Старец Ефрем считал послушание основой монашеской жизни.
– В монашестве всё утверждается на послушании. Духовная жизнь с него начинается и благодаря ему же достигает совершенства.
Его старцы были людьми простыми, их рукоделием была рыбная ловля. Несмотря на то, что у них не было того, чего искал отец Ефрем, он оставался у них в послушании и служил им, а по духовным вопросам советовался с отцом Иосифом, которого называли пещерником[257].

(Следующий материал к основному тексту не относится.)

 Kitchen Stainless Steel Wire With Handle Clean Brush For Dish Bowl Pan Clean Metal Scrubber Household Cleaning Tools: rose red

Однажды им овладели помыслы разочарования, побуждавшие его уйти. Он вышел наружу и сел в нижней части кельи с выражением скорби на лице. Проходивший мимо монах подлил масла в огонь его сомнений: «Ефрем, не думай, что огонь горит лишь в очаге каливы преподобного Ефрема. Есть и другие очаги, и посветлее».
Тотчас он пришёл в себя и, отвергнув дурной помысел, вернулся в келью своих отцов.
Его слово всегда исходило из молитвы, а не из того, что он услышал или прочёл, и поэтому оно было чистым и назидательным. Это была речь, вытекавшая из молитвы, а не из пустой болтовни любителей посудачить. Как-то раз один профессор, принимавший участие в богословских дискуссиях с инославными, спросил у него, должен ли он и дальше в них участвовать. Не раздумывая, отец Ефрем стал убеждать его продолжать эти дискуссии, при условии, что слова его будут ясными и живыми, потому что обтекаемые формулировки и инославных будут путать, и у православных вызывать смущение.
Приходящих к нему он выслушивал очень внимательно. В такие минуты для отца Ефрема существовал только его собеседник, и больше никто. Он застенчиво говорил ему то, что нужно, а затем предлагал отправиться в Дохиар и отслужить молебен перед иконой Богородицы «Скоропослушница»: «Пусть Богородица тоже скажет Своё слово».